Fishel may not have been looking past a future as a master mechanic in high school, but his parents were. Had they not intervened, he said, he would have skipped college and gone to work as a mechanic. But they insisted, so he enrolled at North Carolina State College to pursue a mechanical engineering degree.

While in college, Fishel kept close tabs on the racing scene and took particular notice of the Mystery Engine Caper at Daytona in February of 1963. [The 427-cubic inch "mystery" engine showed up at the 1963 Daytona 500 and is considered to be the foundation of GM big-block technology.

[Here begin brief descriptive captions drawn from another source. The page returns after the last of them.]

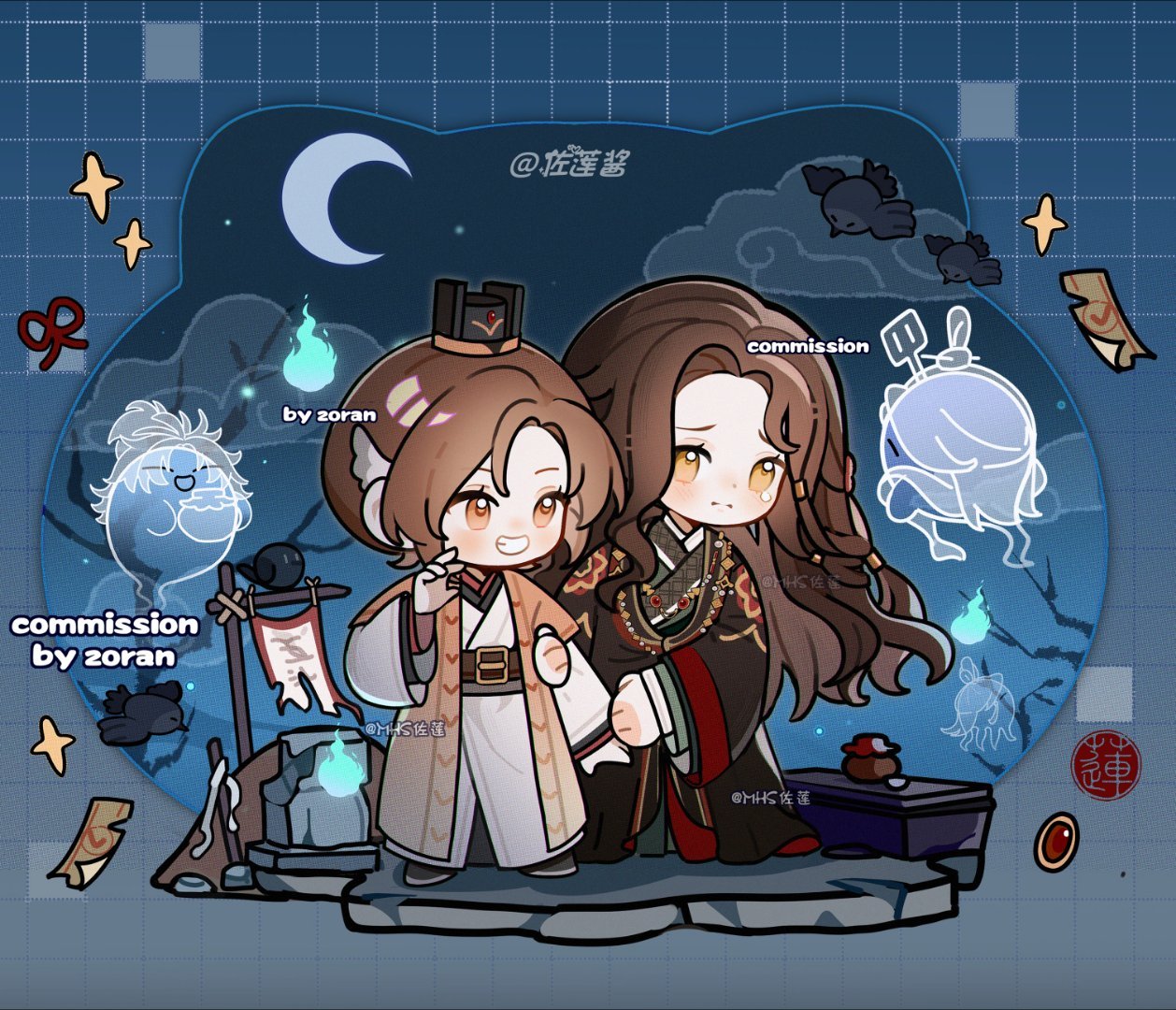 半夜画这个我其实有点害怕的…🥹 ​​​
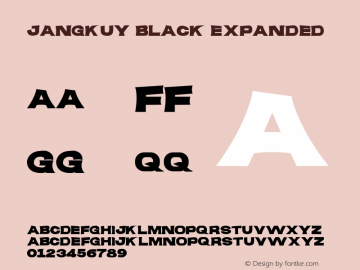 JANGKUYFONT-BlackExpanded Version 1.000图片样张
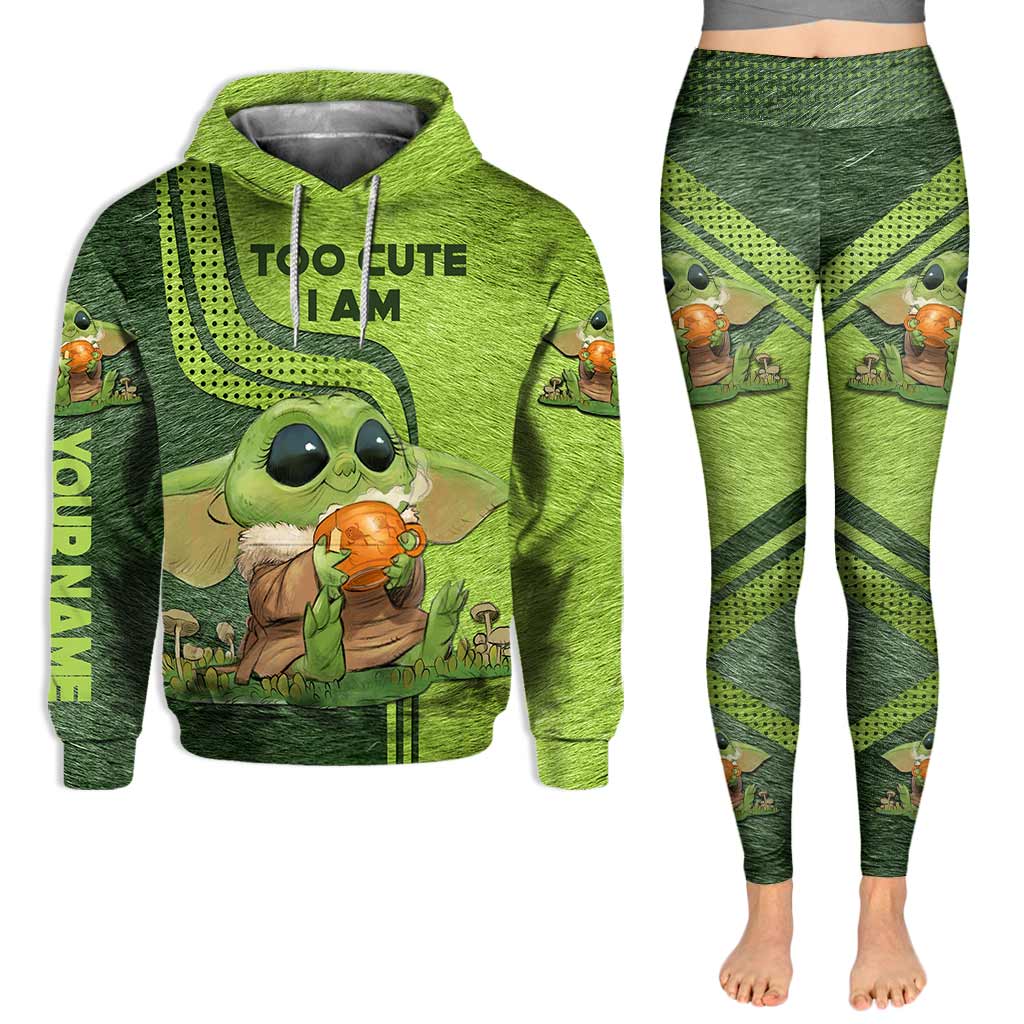 Personalized Hoodie and Leggings Set Custom Name Cute Gift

As he neared graduation, Fishel still had racing on his mind. "I wrote letters to Lee Petty, Junior Johnson and Bondy Long seeking employment," he said. "I never heard from Lee or Junior, but I did receive a response from Ned Jarrett indicating that they really appreciated my interest but really didn't have any need for someone with my credentials."

Undaunted, Fishel continued with his automotive interests-especially a fascination with the engines and cars that Zora Arkus-Duntov was designing and building. An on-campus interview with a General Motors representative led to a follow-up interview with Chevrolet Engineering in Warren, Michigan. Fishel said that his flight from Raleigh, North Carolina, to Detroit in April 1963 was his first-ever plane ride.

During that initial interview, Fishel was asked if there was anything special he'd like to do while visiting and he said that he'd like to meet Duntov. As luck would have it, Duntov was free for a brief meeting, and Fishel's fate was sealed. "With that introduction, they could have had me for nothing," he said.

Fishel spent his first six years with GM doing design and development work on all the engines he'd read about. In 1968, he was promoted to design engineer in the production High Performance Engine Group where he worked on the development of the 302 V8 for the Camaro, among other things.

Fishel's motorsports career began at General Motors in 1969 when he went to work for Vince Piggins in the Chevrolet Product Performance Group. "For the next seven years I was able to work one to one with many of my racing heroes: Junior Johnson, Bill Jenkins, Jim Travers and Frank Coon," he said. "I spent a lot of time working with Smokey Yunick at his Best Damn Garage in Daytona Beach." In 1976, Lloyd Ruess convinced Fishel to make the move to Buick to create the Buick Special Products Group. He returned to Chevrolet in 1983 to replace Piggins, who was retiring. "In addition to running the racing group at Chevrolet, I was able to spend more time with the high-performance and custom parts industry by participating in the major trade shows like SEMA and the Circle Track Trade Show," Fishel said.

Unfortunately, we have nowhere near enough space to highlight all of what Fishel accomplished during his 40-year career at General Motors. He led GM to the triple crown of racing by winning the Daytona 500, the Indianapolis 500 and the 24 Hours of Le Mans all in the same year. Hot Rod magazine named him one of the 100 most important people in the first 50 years of hot rodding in 1997, and he was inducted into the Hot Rod Hall of Fame that same year.

When asked about the highlight of motorsports career, Fishel said it was driving a 1953 Ferrari 250 MM in the 2001 Italian Mille Miglia with the love of his life, Sandy Heng. Fishel retired from General Motors in September, 2003. One of his final duties was to drive the Chevrolet SSR official pace car vehicle to start the 87th Indianapolis 500.